Feature Storage Format¶

Processed feature will be stored in .hdf and .pickle file format. The former format is used to store the feature representation, and the later is used for customized label representation. Each piece will have both two different files.

Columns in .hdf feature file:

feature

References¶

Technical details can be found in the publications [1], [2], and [3].

1: Yu-Te Wu, Berlin Chen, and Li Su, “Multi-Instrument Automatic Music Transcription With Self-Attention-Based Instance Segmentation.” in IEEE/ACM Transactions on Audio, Speech, and Language Processing, 2020.
2: Yu-Te Wu, Berlin Chen, and Li Su. “Polyphonic Music Transcription with Semantic Segmentation.” IEEE International Conference on Acoustics, Speech and Signal Processing (ICASSP), 2019.
3: Yu-Te Wu, Berlin Chen, and Li Su. “Automatic Music Yranscription Leveraging Generalized Cepstral Features and Deep Learning.” IEEE International Conference on Acoustics, Speech and Signal Processing (ICASSP), 2018.

App¶

class omnizart.music.app.MusicTranscription(conf_path=None)¶

Bases: omnizart.base.BaseTranscription

Application class for music transcription.

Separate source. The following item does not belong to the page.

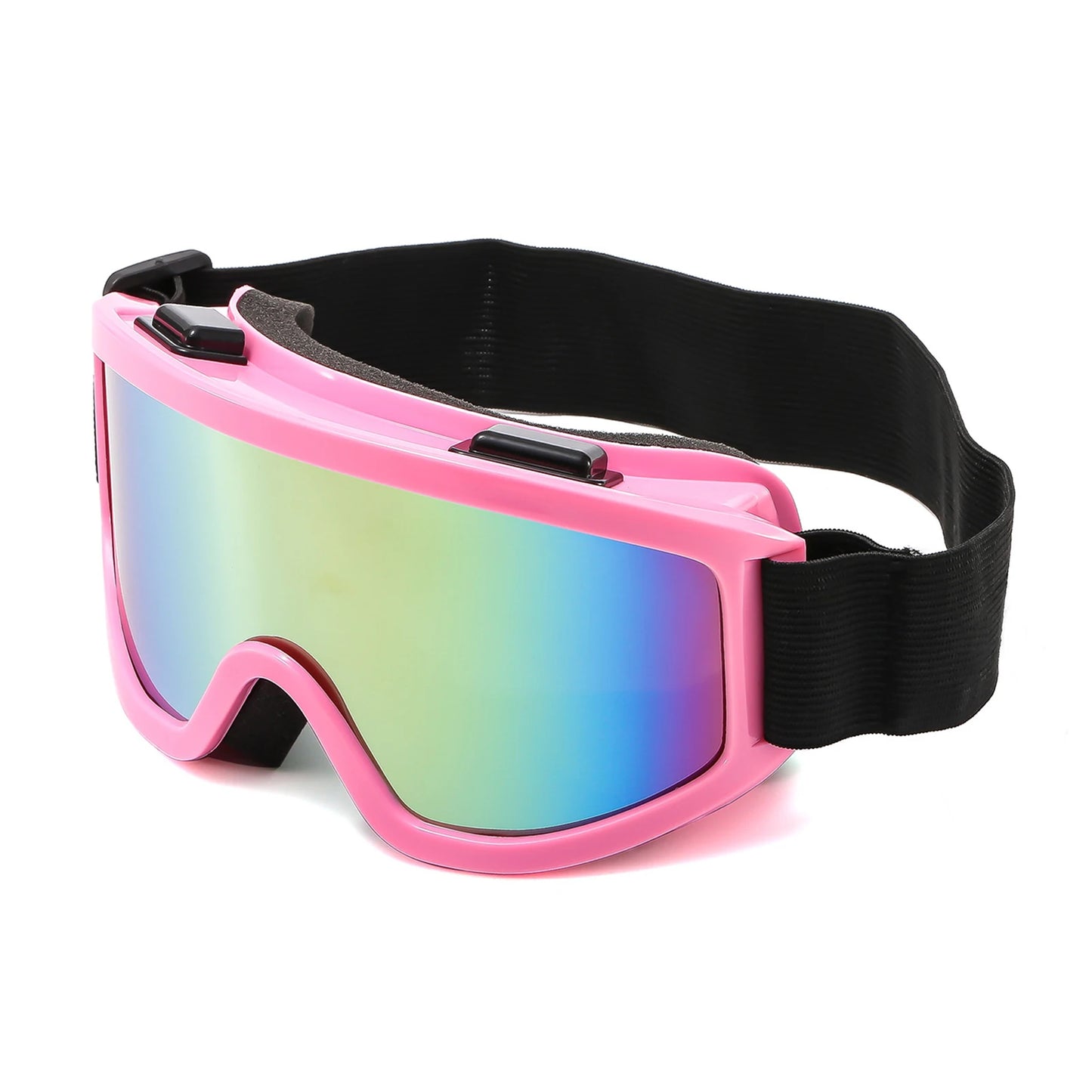 Large Frame Ski Goggles with Colorful Lens Anti-Collision Anti-Glare Lens Outdoor Sport Snow Snowboard for Snowboarding Skiing 12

Inherited from the BaseTranscription class to make sure everything needed got override.

Methods

`generate_feature`(dataset_path[, ...])	Extract the feature from the given dataset.
`train`(feature_folder[, model_name, ...])	Model training.
`transcribe`(input_audio[, model_path, output])	Transcribe notes and instruments of the given audio.

generate_feature(dataset_path, music_settings=None, num_threads=4)¶

Extract the feature from the given dataset.

To train the model, the first step is to pre-process the data into feature representations. After downloading the dataset, use this function to generate the feature by giving the path of the stored dataset.

To specify the output path, modify the attribute music_settings.dataset.feature_save_path. It defaults to the folder under where the dataset stored, generating two folders: train_feature and test_feature.

Parameters

dataset_path: Path: Path to the downloaded dataset.
music_settings: MusicSettings: The configuration instance that holds all relative settings for the life-cycle of building a model.
num_threads:: Number of threads for parallel extraction the feature.

See also

omnizart.constants.datasets: The supported datasets and the corresponding training/testing splits.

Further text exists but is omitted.